Teresa Barbuto mentre inserisce la scheda elettorale nel contenitore
2 minuti per la letturaA 99 anni al seggio per votare: a Maierato l’emozione della signora Teresa Barbuto nel giorno delle elezioni comunali
VIBO VALENTIA – C’è chi considera il voto un gesto scontato e chi, invece, continua a viverlo come un dovere civile da custodire con orgoglio; a Maierato, durante le elezioni comunali, uno dei momenti più emozionanti della giornata è stato quello vissuto dalla signora Teresa Barbuto, che a 99 anni si è recata al seggio per esprimere ancora una volta il proprio diritto al voto.
Accompagnata dalla nipote Mariangela, la donna è arrivata al seggio tra lo stupore e la commozione dei presenti.
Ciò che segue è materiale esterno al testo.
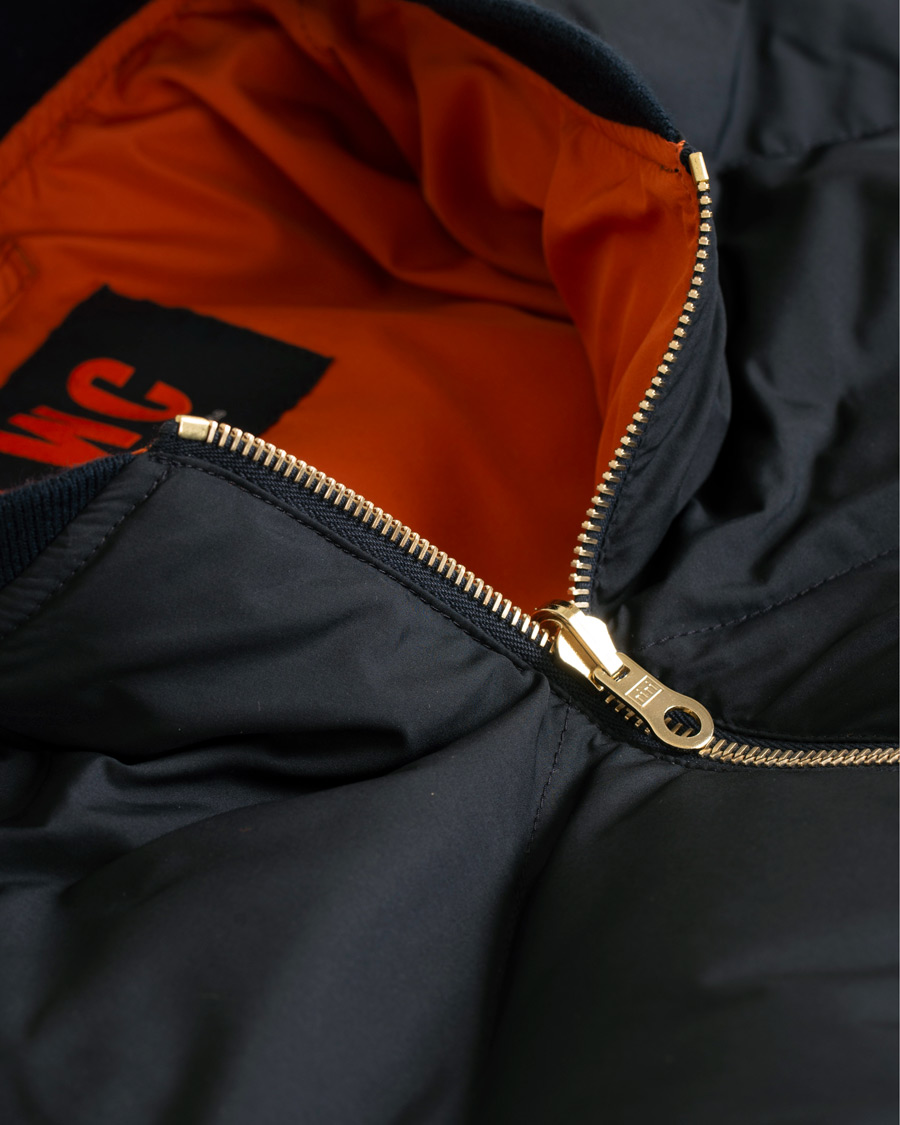 Herr | Jackor | The Workers Club | Reversible Down Filled Bomber Navy/Orange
Per lei non si è trattato di una semplice partecipazione elettorale, ma di un gesto carico di significato, reso ancora più simbolico dall’anniversario degli 80 anni dal riconoscimento del diritto di voto alle donne in Italia.
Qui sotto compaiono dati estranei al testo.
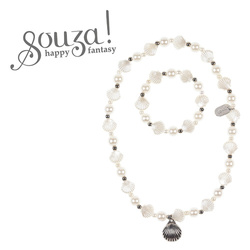 Souza! Zestaw naszyjnik i bransoletka muszelki białe Famke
All’interno del seggio l’ingresso della signora Teresa vi è stato un applauso spontaneo. Qualche parola scambiata con i presenti, poi il momento più importante: quello dell’ingresso nella cabina elettorale, vissuto con la stessa determinazione che l’ha accompagnata per tutta la vita.
SEMPRE AL VOTO DAL 1946
Nonostante l’età avanzata, infatti, Teresa Barbuto non ha mai rinunciato al voto dal 1946 ad oggi. Un legame profondo con la partecipazione democratica costruito nel corso di una vita attraversata da sacrifici, lavoro e cambiamenti storici.
Nata il 20 aprile 1920, Teresa Barbuto ha lavorato per anni come bracciante agricola. Cresciuta insieme a quattro fratelli, è madre di quattro figli, nonna di cinque nipoti e bisnonna di tre pronipoti.
A raccontare l’emozione di questa giornata è stata la nipote Mariangela, che ha affidato ai social un messaggio carico di affetto e significato civile: «A 99 anni, con la stessa dignità e determinazione di una vita intera, oggi mia nonna non ha rinunciato ad esercitare il suo diritto al voto. In un tempo in cui spesso si dà per scontata la democrazia, il suo gesto ci ricorda quanto sia preziosa la libertà conquistata da generazioni che hanno conosciuto sacrifici, guerre, rinascita e speranza».
Parole che hanno accompagnato l’immagine di una donna capace ancora oggi di trasmettere il valore della partecipazione democratica e del senso civico: «Entrare in quella cabina elettorale, con la forza della memoria e il senso del dovere civico, vale più di mille parole – ha aggiunto Mariangela –. Perché votare non è solo un diritto: è partecipazione, responsabilità, amore per il proprio Paese».
E per chi abbia votato la signora Teresa, solo lei lo sa. Perché il voto è segreto.